Playing the lead role of Williams is Tony Marshall, who gives a performance that is as textured and nuanced as it is possible to be. The audience can actually discern the off-stage Charlie, suddenly switching to on-stage mannerisms in a single glint of Mr Marshalls twinkling eye. Probably for those of us who knew Charlie, the effect is more profound, but a clever soundtrack and a trawl down the years of his career presents many opportunities for light and shade.

This being a truncated affair, produced specifically for an Edinburgh time slot, there is sure to be more time within the full two-hour show with which to add even more depth and pace. Nick Read plays all the other parts and brings much comedy deftness to what is a wide piece of acting territory to attempt. Amongst others, Read plays the parts of a coal-miner, Johnnie Hamp and fellow comedians Frank Carson and Bernard Manning. One of the comedy highlights was when Mr Read plays a skittish one-eyed pit pony.

The show is full of laughs, but astutely questions whether Charlie was aware of reinforcing racial stereotypes. According to some of the early proponents of P.C, the nay-sayers of the day pointed towards allegations of Charlie’s complicity with those who played the racists games. He even agreed at one stage to appear at a nightclub full of white people in Rhodesia, which is now known as Zimbabwe. This was long before apartheid barriers had been broken down in neighbouring South Africa.

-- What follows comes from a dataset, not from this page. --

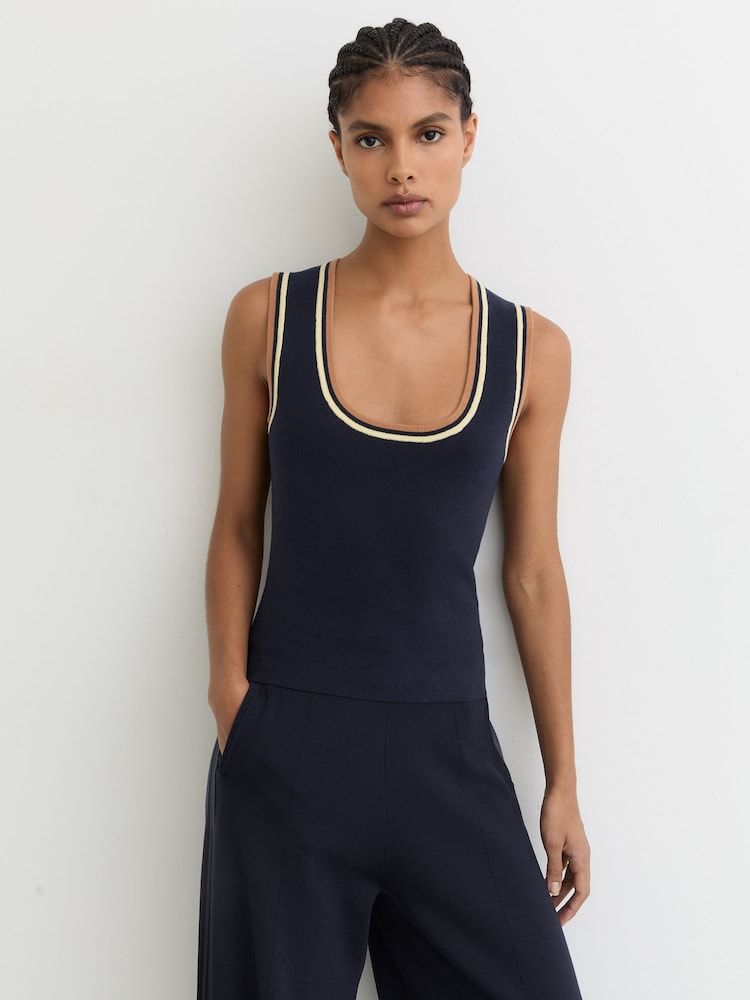 reiss The Upside Knitted Tank Top in Navy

I can’t find suitable superlatives to describe the performance of Tony Marshall. This is not simply an actor performing an impression. This is a quite spookily presented portrayal of a man who arrived on-stage delivering a fruity welcoming exhortation, that provides the title for this work.

In my mind’s eye, I can see Charlie now, walking on-stage, armed with a big toothy grin and his first words into the microphone….Eh Up My Old Flowers!